Starting with the definition of the Dirac delta function,

[skrtic]

Homework Statement

Starting with the definition of the Dirac delta function, show that [itex] \delta( \sqrt{x}) [/itex]um... i have looked in my book and looked online for a problem like this and i really have no clue where to start. the only time i have used the dirac delta function is in an integral with another function and never with it in this form, only like delta(x-a).looking for guidance.

 

[Mark44]

Homework Statement

Starting with the definition of the Dirac delta function, show that [itex] \delta( \sqrt{x}) [/itex]

Show that [itex]\delta( \sqrt{x}) [/itex] is what?

 

[skrtic]

sorry about that.

equal to 0

 

[Mark44]

How is the Dirac delta function defined? The problem asks you to start with this definition.

 

[skrtic]

from what i get out of the text. it is what replaces an inner product that vanishes if x doesn't equal x'.

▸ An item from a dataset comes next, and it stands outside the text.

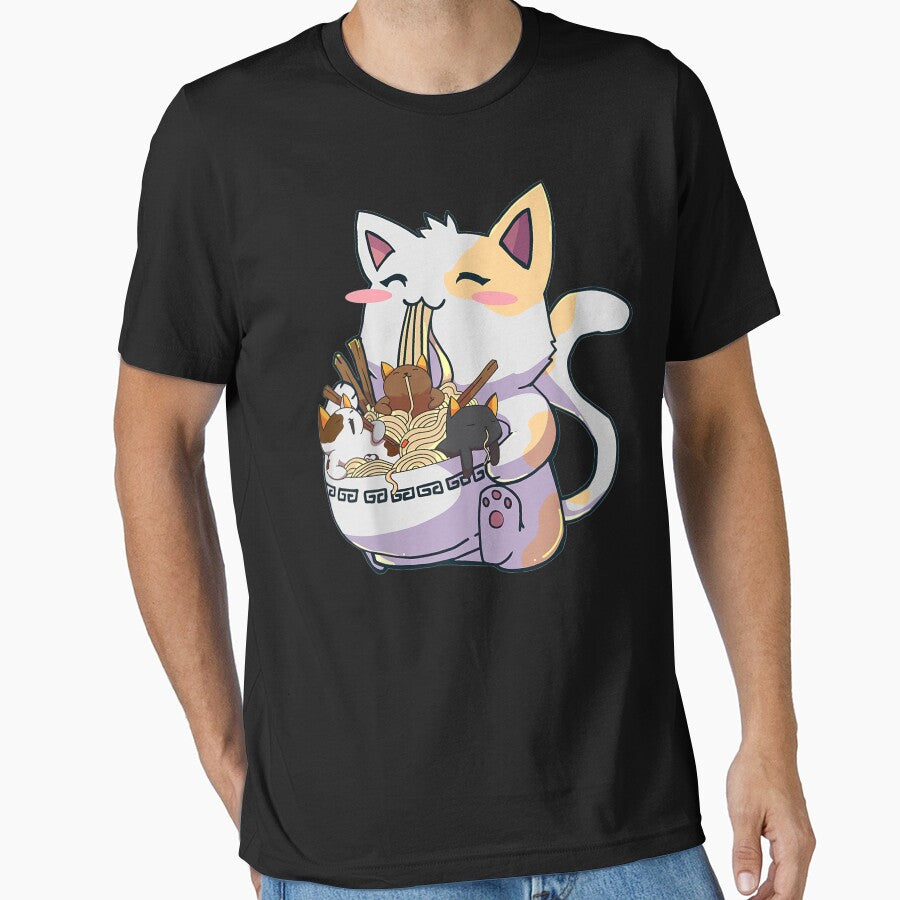 Cat Ramen Bowl Anime Japanese Noodles by MartinStudio T-Shirts, Hoodie, Sweatshirt | BlankRebels.com (Image 1)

I also know that it's integral is unity.

 

[Avodyne]

[tex]\int_{-\infty}^{+\infty}dx\,f(x)\delta(x)=f(0)[/tex]

Now, if only the argument of the delta function was [itex]\sqrt{z}[/itex] instead of [itex]x[/itex] ... hmmm, how could we make this happen?

 

[skrtic]

let x= [itex] \sqrt{z} [/itex] then dx=(1/2)z^(-1/2)dz

and we get [itex] \int_{-\infty}^{\infty}dz z^{-1/2} f(z^{-1/2})\delta(z^{-1/2}) [/itex]

 

[skrtic]

is this a valid assumption

treat [itex] \delta(\sqrt{x}) [/itex] as [itex] \delta(\sqrt{x}-0) [/itex]

 

[Hurkyl]

Aside: I know the hand-wavy argument is clear, but does anyone know of a source that actually defines the result of composing a distribution with a function of some sort?

 

[skrtic]

so assuming i made the substitution right and that was what i was supposed to do, i still don't see how i proved that it equals zero.

is that supposed to say if i plug in zero for x i get zero?

and even if i treat [itex]
\delta(\sqrt{x})
[/itex] as [itex]
\delta(\sqrt{x}-0)
[/itex]
i still don't have a function to plug zero into.

i am still quite confused about what i am trying to do.

 

[George Jones]

Aside: I know the hand-wavy argument is clear, but does anyone know of a source that actually defines the result of composing a distribution with a function of some sort?

Section 7.4.d Composition of [itex]\delta[/itex] with a function, from Mathematics for Physics and Physicists by Walter Appel.

The idea, as usual, is to to use the distribution obtained by integrating a locally integrable function against test functions to motivate a more general definition.

1. Use locally integrable [itex]g[/itex] and integration to generate a distribution [itex]G[/itex].

2. Use locally integrable [itex]g \circ f[/itex] and integration to generate a distribution denoted by [itex]G \circ f[/itex].

3. If [itex]x[/itex] is the integration variable in 2., make the substitution [itex]y = f(x)[/itex].

4. Relate [itex]G \circ f[/itex] to [itex]G[/itex].

5. Use 4. to motivate the definition of [itex]T \circ f[/itex] in tems of an arbitrary distribution [itex]T[/itex] and differentiable and bijective function [itex]f[/itex].

If I get time tomorrow, I might type in the details.